To maintain workload uptime, configure the following settings in your deployment manifest:

  1. Configure workload replicas to handle traffic during rolling upgrades.
  2. Define an anti-affinity rule to evenly distribute workloads across the cluster.

To increase uptime, you can also refer to the documentation for the services that run on your clusters, and configure your workload based on the recommendations of the software vendor.

About Workload Upgrades

The PKS tile contains an errand that upgrades all Kubernetes clusters. Upgrades run on a single VM at a time. While one worker VM runs an upgrade, the workload on that VM goes down. The additional worker VMs continue to run replicas of your workload, maintaining the uptime of your workload.

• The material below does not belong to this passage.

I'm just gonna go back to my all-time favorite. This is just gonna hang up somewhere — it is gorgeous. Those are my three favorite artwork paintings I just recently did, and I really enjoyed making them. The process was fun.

Note: Ensure that your pods are bound to a ReplicaSet or Deployment. Naked pods are not rescheduled in the event of a node failure. For more information, see Configuration Best Practices in the Kubernetes documentation.

To prevent workload downtime during a cluster upgrade, Pivotal recommends running your workload on at least three worker VMs and using multiple replicas of your workloads spread across those VMs. You must edit your manifest to define the replica set and configure an anti-affinity rule to ensure that the replicas run on separate worker nodes.

Set Workload Replicas

Set the number of workload replicas to handle traffic during rolling upgrades. To replicate your workload on additional worker VMs, deploy the workload using a replica set.

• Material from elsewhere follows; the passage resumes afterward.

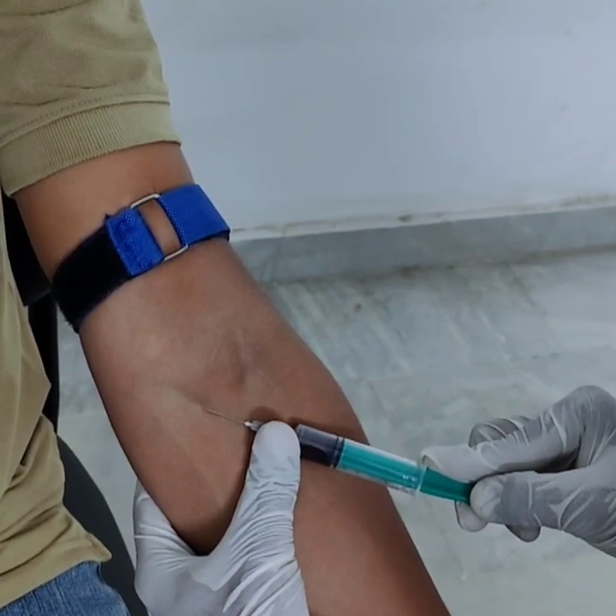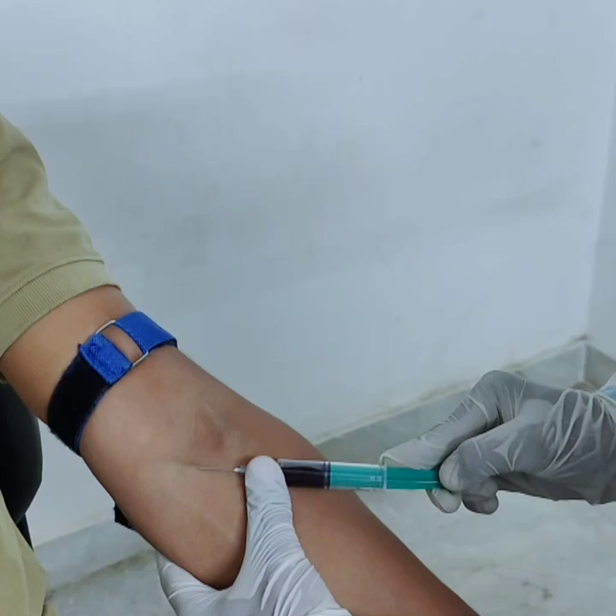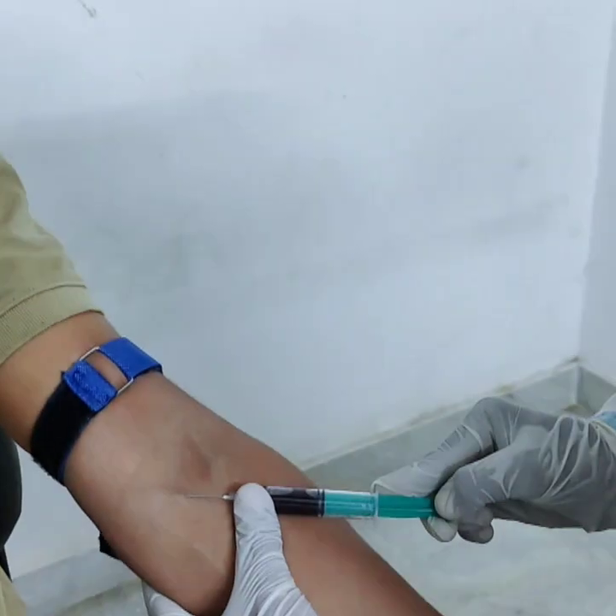Then, fill the tubes in the correct order if multiple tests are ordered. Do not shake the tubes — gently invert them if needed.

Edit the spec.replicas value in your deployment manifest:

kind: Deployment
metadata:
  # ...
spec:
  replicas: 3
  template:
    metadata:
      labels:
        app: APP-NAME

See the following table for more information about this section of the manifest:

Key-Value Pair Description
spec:
replicas: 3
Set this value to at least 3 to have at least three instances of your workload running at any time.
app: APP-NAME
Use this app name when you define the anti-affinity rule later in the spec.

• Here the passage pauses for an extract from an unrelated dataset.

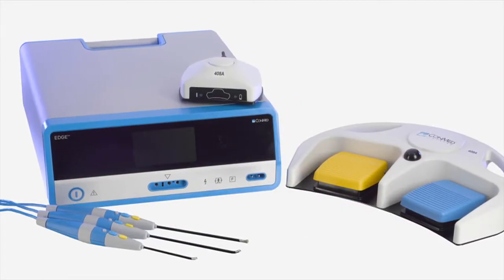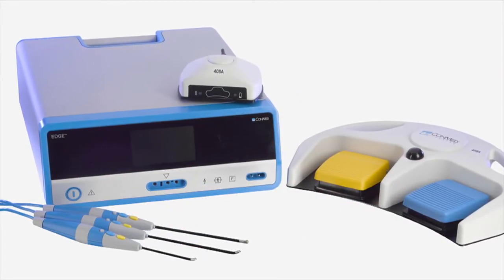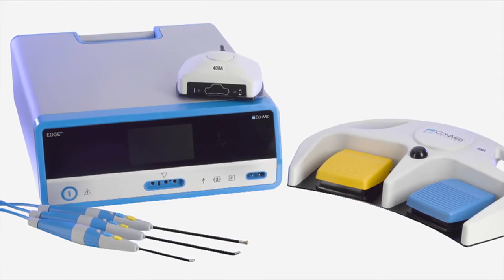The system consists of a generator, versatile bipolar probes, and an optional wired or wireless foot controller.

Define an Anti-Affinity Rule

To distribute your workload across multiple worker VMs, you must use anti-affinity rules. If you do not define an anti-affinity rule, the replicated pods can be assigned to the same worker node. See the Kubernetes documentation for more information about anti-affinity rules.

To define an anti-affinity rule, add the spec.template.spec.affinity section to your deployment manifest:

kind: Deployment
metadata:
  # ...
spec:
  replicas: 3
  template:
    metadata:
      labels:
        app: APP-NAME
    spec:
      containers:
      - name: MY-APP
        image: MY-IMAGE
        ports:
        - containerPort: 12345
      affinity:
        podAntiAffinity:
          requiredDuringSchedulingIgnoredDuringExecution:
            - labelSelector:
                matchExpressions:
                  - key: "app"
                    operator: In
                    values:
                    - APP-NAME
              topologyKey: "kubernetes.io/hostname"

See the following table for more information:

Key-Value Pair Description
matchExpressions: 
- key: "app"
This value matches spec.template.metadata.labels.app.
values: 
- APP-NAME
This value matches the APP-NAME you defined earlier in the spec.

Multi-AZ Worker

Kubernetes evenly spreads pods in a replication controller over multiple Availability Zones (AZs). For more granular control over scheduling pods, add an Anti-Affinity Rule to the deployment spec by replacing "kubernetes.io/hostname" with "failure-domain.beta.kubernetes.io/zone".
For more information on scheduling pods, see Advanced Scheduling in Kubernetes on the Kubernetes Blog.

Persistent Volumes

Persistent volumes cannot be attached across AZs. Therefore, when persistent volumes are created, the PersistentVolumeLabel admission controller automatically adds AZ labels to them. The scheduler then ensures that pods that claim a given volume are only placed into the same AZ as that volume.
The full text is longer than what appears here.